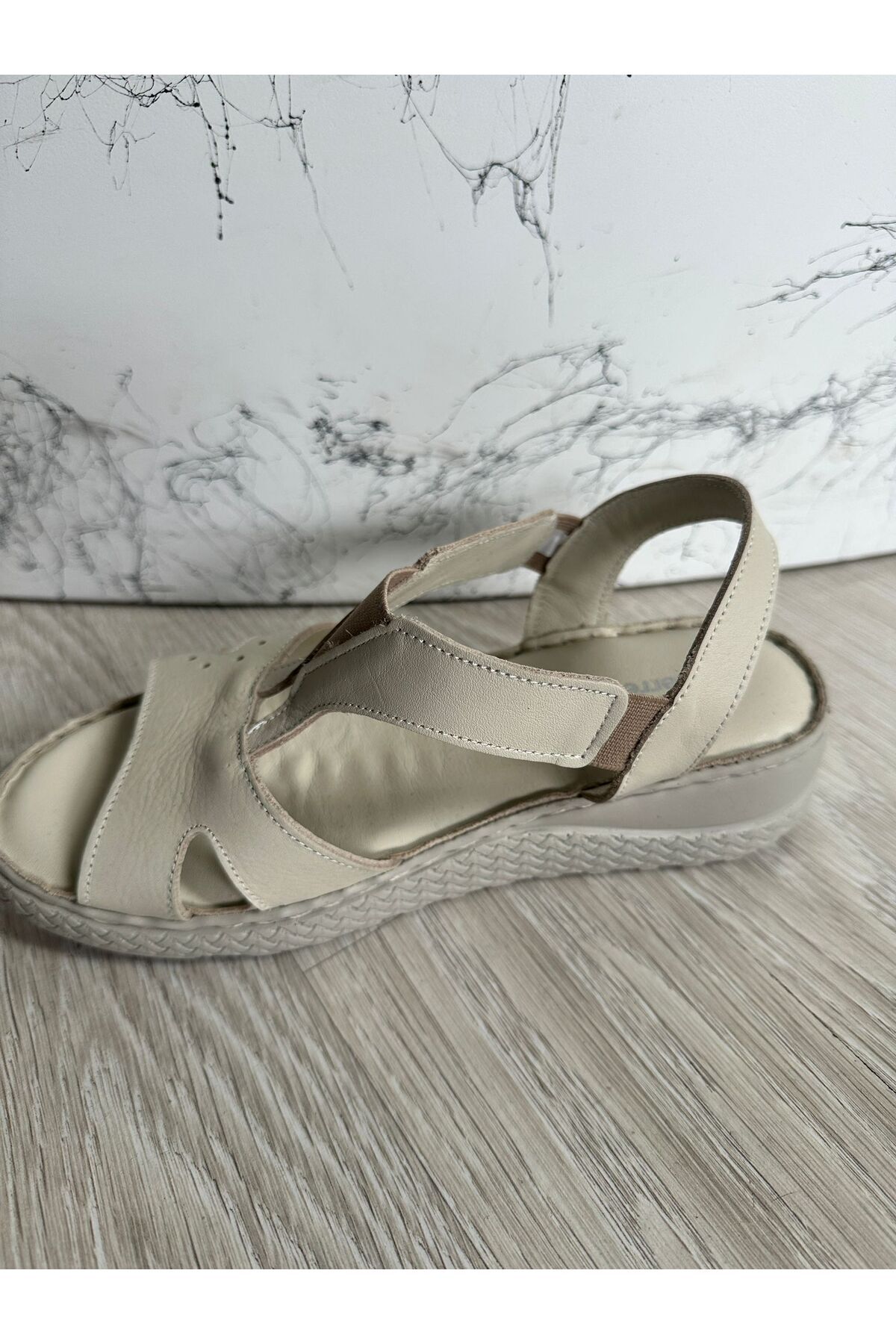 @ PC-53164 - صندل Pierre Cardin پیر کاردین مچ پا اورجینال - تصویر 2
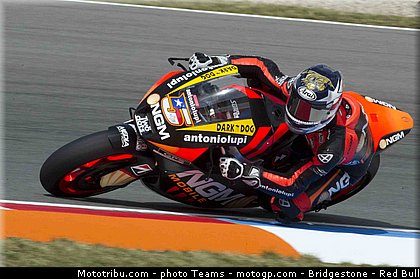 motogp_edwards_0002_republique_tcheque_brno_2012_mototribu.jpg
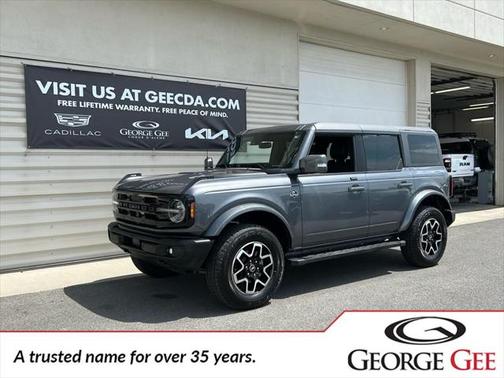 2024 Ford Bronco Outer Banks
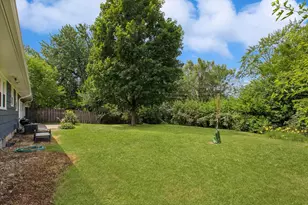 9908 Humboldt Ave S, Bloomington, MN 55431 - Photo 24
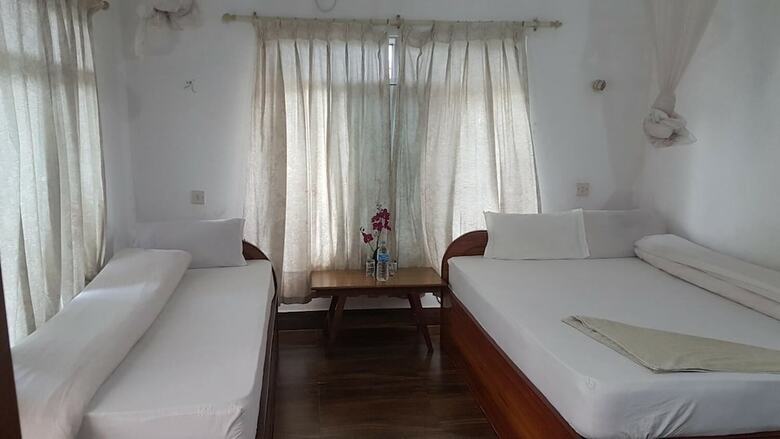 Hotel Shiva's Dream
======
● Work to complete: Copy out the records exactly; the pictures stay behind.

● Expected answer:
 @ PC-53164 - صندل Pierre Cardin پیر کاردین مچ پا اورجینال - تصویر 2
 motogp_edwards_0002_republique_tcheque_brno_2012_mototribu.jpg
 2024 Ford Bronco Outer Banks
 9908 Humboldt Ave S, Bloomington, MN 55431 - Photo 24
 Hotel Shiva's Dream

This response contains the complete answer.